What exactly is it that you are struggling with?
First of all, since the question is about me, it seems odd that I should only have an opinion to offer in response, as if someone might disagree with me, and possibly have a more accurate answer.
I think that’s a proper characterization, though. At times, it’s difficult for the one who struggles to see objectively the nature of the struggle – a can’t-see-the-forest-for-the-trees situation. So, if you have a differing opinion on this topic, do tell.
I’ve struggled to answer this question. That is, part of my struggle is to understand the thing with which I am engaged in struggling.
I’m certain that I struggle with all of the usual suspects: weariness, poor mental acuity, hopelessness, worry, fear, anger, pride, lust, illness, weakness, stupidity, envy, general discomfort, disappointment, etc.
I can also be sure of this: I don’t struggle for salvation. I’ve tried to kick it off – salvation that is – and I can’t. I can’t get rid of it, by reasoning or other mental device. I have salvation, of this I’m sure, and in spite of my shortcomings, rather, in response to my shortcomings, salvation waxes strong. I am grateful for this.
In light of such stubborn salvation, I like to think that most of my struggle is for things, rather than against things.
I think I’m struggling for Truth, for abundant life, for the promise of holy rest which scripture compels us to seek. I’m struggling for making the most of moments and days, for words to express the beauty. Mostly, I’m struggling to push the darkness away, to shine the light and live in its glow.
I’m struggling for hope, the very thing for which every one of us struggles, the thing for which every preceding generation has struggled.
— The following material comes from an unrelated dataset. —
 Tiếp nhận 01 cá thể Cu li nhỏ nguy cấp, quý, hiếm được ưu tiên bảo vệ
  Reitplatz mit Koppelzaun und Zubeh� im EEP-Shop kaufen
The ebbing and flowing, yet never diminishing, hope that life is more than paychecks and vacuuming, more than laundry and lawn-mowing, more than broken relationships and broken dishwashers.
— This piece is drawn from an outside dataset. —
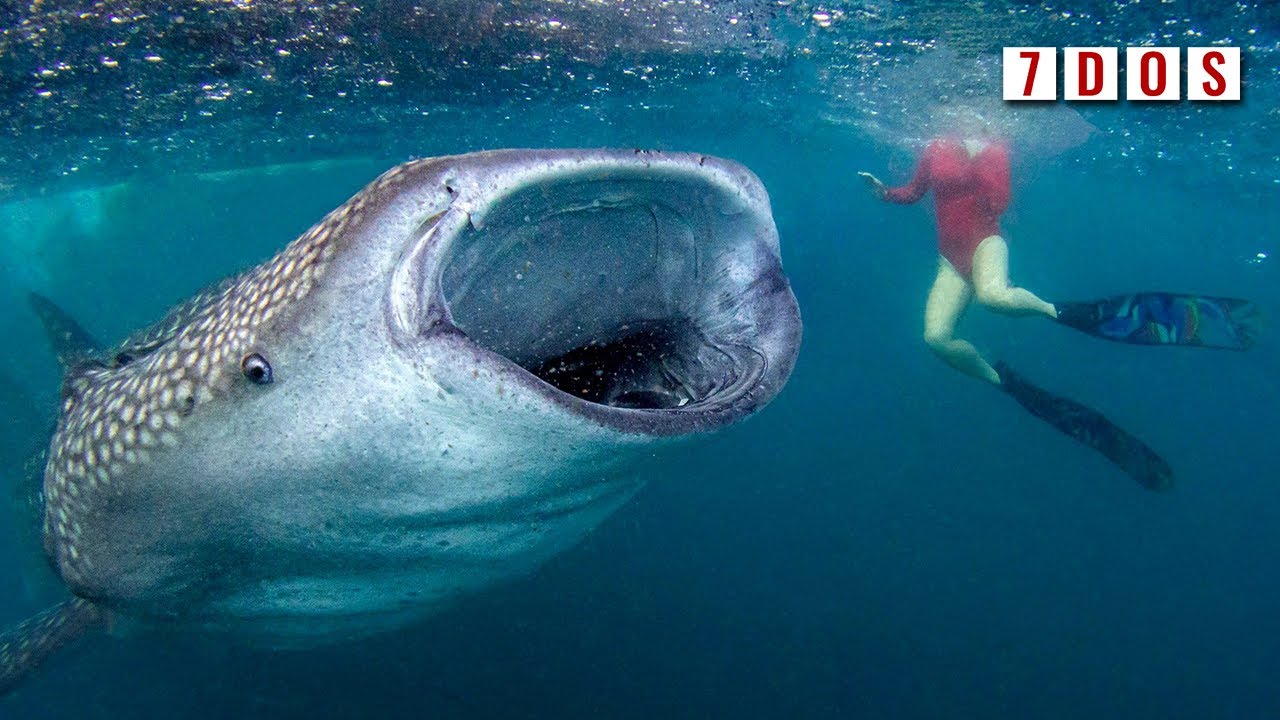 Whale Shark the World's Largest Omnivore | 7 Days of Shark Science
I’m struggling to make the most of every moment – not because I’m afraid I’ll lose something if I slack off, but because I’m overwhelmed by the desire to gain all that is available from the last drop of life that every moment has to offer.
Those drops of life are not about worldly success or superficial happiness from the happenstance of whatever happens. Those drops of life can be found in a Sunday afternoon nap, or a deep, sweltering grief. The best of life, the essence of life, is not defined by the content of the experience, but by the presence and recognition of God in the experience.
I’m struggling, therefore, to acknowledge Christ in all my ways, to trust in him with all of my heart, to love him with all, above all, and through all.
In this, I hope that I’m not struggling, or at least not spending much of my time struggling, to do what is right for the sake of being seen as righteous. This is vanity. If it can be attained, righteousness is fleeting, except as it is attained in Christ.
So, I’m struggling to seek Christ, and his righteousness, and in doing so, to hold back the darkness enough to provide others, such as my children, light enough to see by.
I’m struggling, along with an innumerable company, visible and otherwise, to hold up all that is holy and true and right.
I’m not very often successful in my struggles, I’m sure. I’m also sure, though, that small and infrequent success in this struggle is worth an exponential weight in a value I am unable to measure. As grace multiplies my efforts, and overcomes my consistent weaknesses, I’m holding on to the notion that my struggle is not in vain in the Lord.